- Education: Hebrew University of Jerusalem
- Occupations: Academic and Doctor

= Yuval Heled =

Israeli academic

Yuval Heled (Hebrew: יובל חלד) is an Israeli scientist, author, and lecturer. He is an expert in the sciences of integrative physiology and exercise physiology.

== Career ==
Heled was the director of the Institute for Military Physiology at Sheba Medical Center in central Israel.

In the past, he served as the chief physiologist of the IDF in the Medical Corps.
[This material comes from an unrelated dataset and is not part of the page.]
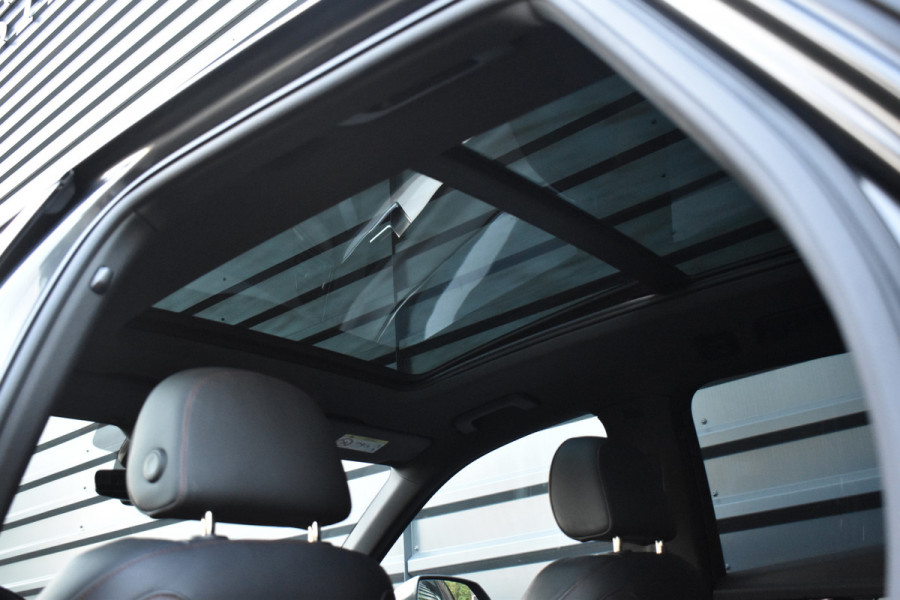 Audi Q5 50 TFSI e Competition | Panorama | 20'' Wielen | RS-Seats | Matrix | Sfeerverlichting | Camera | CarPlay |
Among his scientific fields of activity are the study of the limits of the human body's performances, survival in extreme conditions, physical training, adaptation to stress, health promotion and life expectancy extension. He serves as a full professor in the Faculty of Science at the Kibbutzim Seminary College and teaches at other academic institutions in Israel and around the world. He published dozens of scientific articles and book chapters, and authored two books: 'Health outside the comfort zone, the science of hormesis', and - 'How long until only 120?'. His broad and integrative education and experience have made Professor Haled a sought-after lecturer and consultant in academia, organizations and companies, as well as in personal counseling settings.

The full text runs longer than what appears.